The groups cited a report from the Campaign for Tobacco-Free Kids showing that of the $27 billion states collected from tobacco settlements and taxes in fiscal 2022, only 2.7% was spent on programs to prevent kids from smoking and help smokers quit.
“JUUL’s cynically calculated advertising campaigns created a new generation of nicotine addicts,” Connecticut Attorney General William Tong wrote in a statement announcing the deal, which is expected to be finalized in October. “They relentlessly marketed vaping products to underage youth, manipulated their chemical composition to be palatable to inexperienced users, employed an inadequate age verification process, and misled consumers about the nicotine content and addictiveness of its products.”
Juul in a statement called the settlement “a significant part of our ongoing commitment to resolve issues from the past.”
“The terms of the agreement are aligned with our current business practices which we started to implement after our company-wide reset in the Fall of 2019,” it added.
According to the federal Centers for Disease Control and Prevention, more than 2 million middle and high school students reported using e-cigarettes in 2021, with at least 8 in 10 of them using flavored products.
In 2019, Gov.
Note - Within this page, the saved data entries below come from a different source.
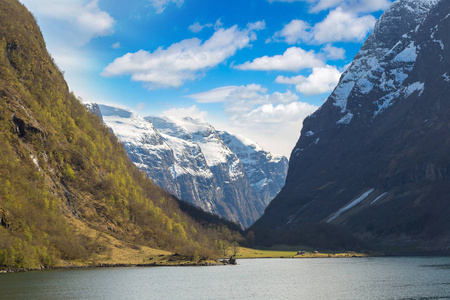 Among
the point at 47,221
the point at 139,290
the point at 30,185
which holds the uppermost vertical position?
the point at 30,185

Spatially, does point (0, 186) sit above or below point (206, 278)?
above

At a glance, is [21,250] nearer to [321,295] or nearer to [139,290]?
[139,290]

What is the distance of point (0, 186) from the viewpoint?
7042 inches

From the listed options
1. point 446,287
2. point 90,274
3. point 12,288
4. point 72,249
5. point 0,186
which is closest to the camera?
point 12,288

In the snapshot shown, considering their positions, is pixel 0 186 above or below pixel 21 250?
above

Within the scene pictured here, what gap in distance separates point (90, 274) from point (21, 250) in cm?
2162

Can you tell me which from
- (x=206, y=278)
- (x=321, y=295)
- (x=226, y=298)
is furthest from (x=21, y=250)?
(x=321, y=295)

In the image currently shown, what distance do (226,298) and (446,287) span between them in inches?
2389

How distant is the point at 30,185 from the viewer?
198500 millimetres

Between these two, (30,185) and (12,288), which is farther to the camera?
(30,185)

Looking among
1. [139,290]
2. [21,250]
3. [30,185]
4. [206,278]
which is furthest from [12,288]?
[30,185]

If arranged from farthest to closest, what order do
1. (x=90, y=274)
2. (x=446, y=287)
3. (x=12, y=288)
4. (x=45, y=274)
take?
(x=90, y=274)
(x=45, y=274)
(x=446, y=287)
(x=12, y=288)

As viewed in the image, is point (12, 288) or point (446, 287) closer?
point (12, 288)

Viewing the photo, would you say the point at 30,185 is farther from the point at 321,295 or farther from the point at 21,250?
the point at 321,295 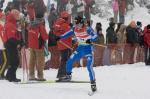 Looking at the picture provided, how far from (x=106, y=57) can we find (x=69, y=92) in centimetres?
734

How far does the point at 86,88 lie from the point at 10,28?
103 inches

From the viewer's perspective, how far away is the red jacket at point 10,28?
14031 mm

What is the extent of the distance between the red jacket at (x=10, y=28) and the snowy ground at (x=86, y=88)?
1.24 m

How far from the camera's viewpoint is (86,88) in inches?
523

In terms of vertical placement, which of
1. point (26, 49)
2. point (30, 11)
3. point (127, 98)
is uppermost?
point (30, 11)

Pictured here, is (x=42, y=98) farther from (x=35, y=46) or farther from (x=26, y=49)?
(x=26, y=49)

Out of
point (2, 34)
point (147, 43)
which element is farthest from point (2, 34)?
point (147, 43)

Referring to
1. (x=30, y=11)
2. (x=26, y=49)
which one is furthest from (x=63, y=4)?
(x=26, y=49)

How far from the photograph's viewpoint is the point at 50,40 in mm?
18078

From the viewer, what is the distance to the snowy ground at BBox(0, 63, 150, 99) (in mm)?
12172

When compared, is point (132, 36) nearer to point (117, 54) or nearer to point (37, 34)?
point (117, 54)

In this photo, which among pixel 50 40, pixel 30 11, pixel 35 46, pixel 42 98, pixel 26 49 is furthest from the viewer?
pixel 30 11

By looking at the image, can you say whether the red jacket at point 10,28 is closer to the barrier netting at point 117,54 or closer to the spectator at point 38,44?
the spectator at point 38,44

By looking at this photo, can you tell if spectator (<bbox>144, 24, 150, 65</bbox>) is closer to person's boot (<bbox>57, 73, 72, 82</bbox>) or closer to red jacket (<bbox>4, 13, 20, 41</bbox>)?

Gretchen Whitmer made Michigan the first state to ban flavored e-cigarette products to reduce youth vaping. Other states issued similar orders and all states included e-cigarettes in laws limiting tobacco sales to underage people. At least 18 states raised their legal smoking age to 21.
In 2020, the FDA banned all flavors of nicotine products other than menthol and tobacco.
In announcing the settlement, attorneys general in several states said they intended to use the money for smoking cessation and prevention programs. In its letter, the health groups urged all states to “translate that admirable intention into a firm commitment expressed in the text of the final agreement.”
In 2020, attorneys general in Connecticut, Oregon and Texas began investigating the company’s marketing and sales practices and were joined by 30 other states: Alabama, Arkansas, Delaware, Georgia, Hawaii, Idaho, Indiana, Kansas, Kentucky, Maryland, Maine, Mississippi, Montana, North Dakota, Nebraska, New Hampshire, New Jersey, Nevada, Ohio, Oklahoma, Rhode Island, South Carolina, South Dakota, Tennessee, Texas, Utah, Virginia, Vermont, Wisconsin and Wyoming.
Maine has since opted out of the settlement, objecting to a provision that would prevent school districts from suing Juul.